ウォーキングで学ぶ江戸時代の歩き方 -疲れにくい効率的な歩行術-②

江戸流ウォーキングを現代に取り入れる方法
着物に学ぶ美しい姿勢の応用
・小股で歩くことの利点については前節で触れましたが、この歩き方の魅力はそれだけにとどまりません。たとえば、着物を身にまとった際には裾が大きく乱れることなく、腰の回転も抑えられるため、着崩れを起こす心配がほとんどありません。これは、日常的に和装をしていた江戸時代の人々にとって極めて合理的で美しい歩行様式であったと考えられます。
さらに現代において洋服を着て歩く場合でも、この歩き方は大きな恩恵をもたらします。小股で歩くことで着地の衝撃が緩和され、足裏全体で地面を捉えるため、膝や腰への負担が軽減されます。

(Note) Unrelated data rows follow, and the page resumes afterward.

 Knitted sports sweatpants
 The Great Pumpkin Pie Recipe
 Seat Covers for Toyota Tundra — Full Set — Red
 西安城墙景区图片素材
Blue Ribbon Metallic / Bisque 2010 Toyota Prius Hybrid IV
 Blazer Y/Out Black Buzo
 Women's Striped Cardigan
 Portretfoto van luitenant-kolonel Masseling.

その結果、関節や筋肉にかかるストレスが大幅に減り、長時間の移動でも疲れにくく、身体に優しい歩行が可能となります。つまり小股歩行は、和装にも洋装にも適応し、時代や衣服を超えて人の身体を守る合理的な歩き方として位置づけられるのです。
草鞋歩行をスニーカーに置き換える工夫
靴を履いて歩く場合、草鞋や足袋のように足の指を積極的に使う必要はほとんどありません。現代の靴は形状的に足全体を包み込むため、指先の動きを抑制し、指で地面をつかむ感覚を失わせてしまいます。これに対して草鞋は脱げやすい構造を持っているため、自然と足の指を動かし、地面をしっかりと捉えながら歩くことになります。その結果、足裏のアーチ、すなわち土踏まずが発達し、衝撃に強くしなやかな足が形成されるのです。

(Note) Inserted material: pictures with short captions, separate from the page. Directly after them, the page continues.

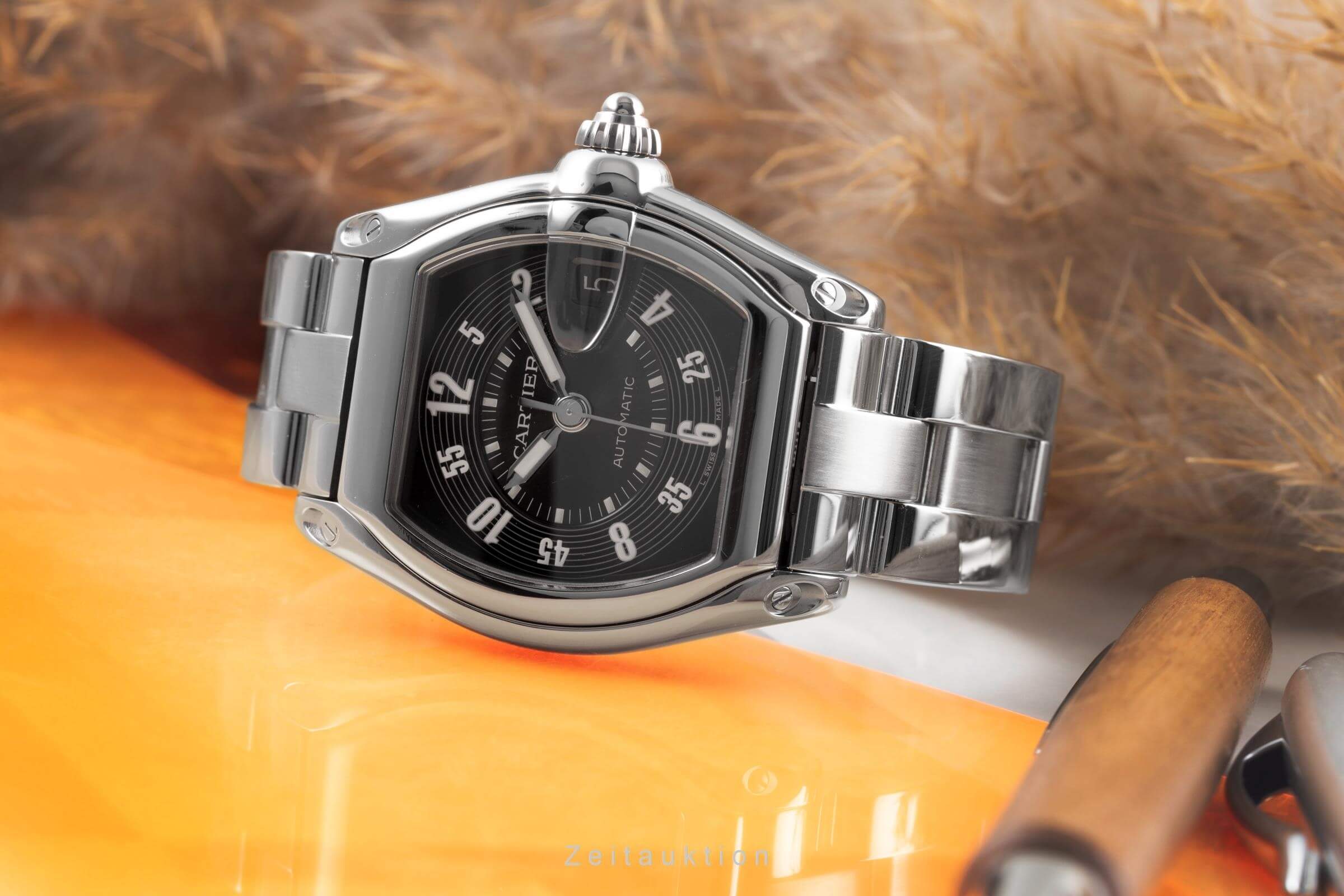Cartier Roadster steel automatic Kal. 3110 Ref. W62004V3  | Zeitauktion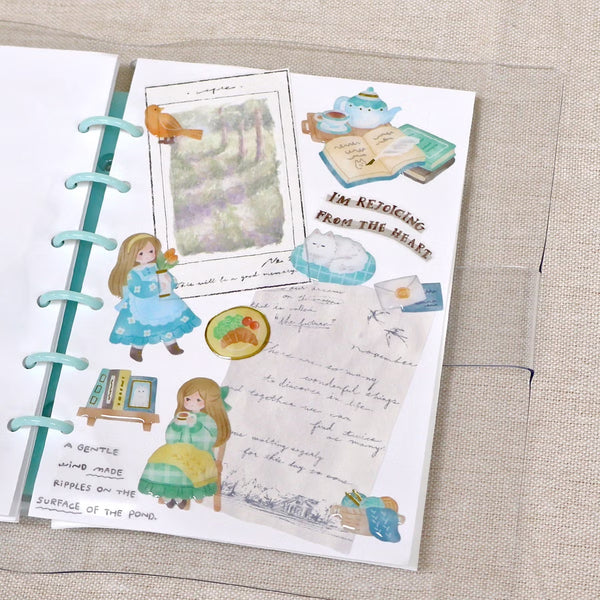 Mind Wave Sticker Sheet Set of 3 - Mon Atelier Girl Coffee, Life & Sweets | papermindstationery.com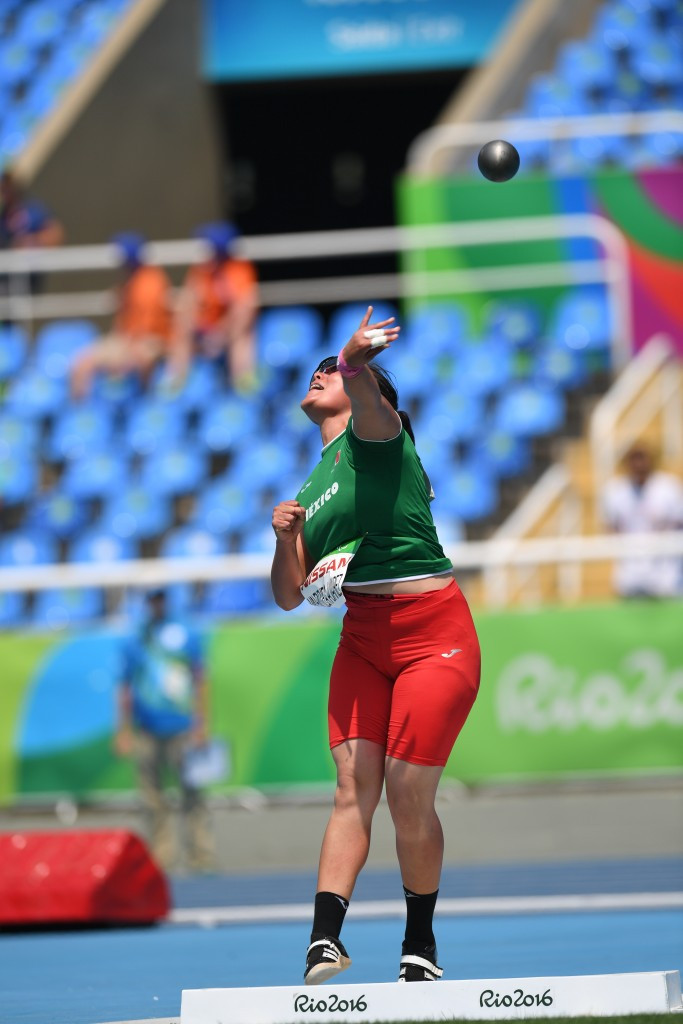Rio 2016 bronze medallist Rebeca Valenzuela Alvarez of Mexico is due to compete in the women’s shot put F11/12 ©Getty Images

一方、現代の靴はデザイン上、かかとに向かって高くなる傾向があります。そのため歩行時には常に前方、つまりつま先側に荷重がかかり続け、身体全体が前進する際に不自然な力の流れを生み出します。こうした構造は関節や筋肉に余計な負担を与え、長期的には身体にとって望ましくない影響を及ぼしかねません。草鞋のように足指を活かす歩行と比べると、現代の靴は便利さと引き換えに、足本来の機能を制限し、衝撃吸収力や自然な動きを損なっていると言えるでしょう。
毎日のウォーキングに活かす江戸流テクニック
・毎日のウォーキングを習慣として続けていくためには、無理なくラクに歩けて、なおかつ健康的な歩き方を身につけることが欠かせません。若いころはダイエットや体型維持を目的に、カロリー消費の大きい歩き方を意識していた方も少なくないでしょう。大きな歩幅で速く歩くことで一時的な効果は得られますが、長期的に見れば身体への負担も増えやすくなります。

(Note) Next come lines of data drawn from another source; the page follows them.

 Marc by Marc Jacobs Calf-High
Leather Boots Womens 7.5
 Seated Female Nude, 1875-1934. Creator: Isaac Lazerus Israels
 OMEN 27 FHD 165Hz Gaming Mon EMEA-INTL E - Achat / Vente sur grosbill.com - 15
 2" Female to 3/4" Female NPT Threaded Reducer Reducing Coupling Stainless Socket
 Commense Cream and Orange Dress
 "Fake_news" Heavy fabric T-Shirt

しかし、50歳を超える頃からは視点を変える必要があります。大切なのは「一生歩けるカラダづくり」であり、そのためには歩行そのものを楽しみながら続けられる工夫が求められます。ゆっくりとしたペースで、呼吸を整え、景色や季節の移ろいを感じながら歩くことで、心身ともにリフレッシュでき、習慣化もしやすくなります。無理のない歩き方は関節や筋肉への負担を軽減し、長い年月を通じて健康を支える基盤となるのです。つまり、ウォーキングは単なる運動ではなく、人生を豊かにする持続可能な習慣として位置づけることが重要だと言えるでしょう。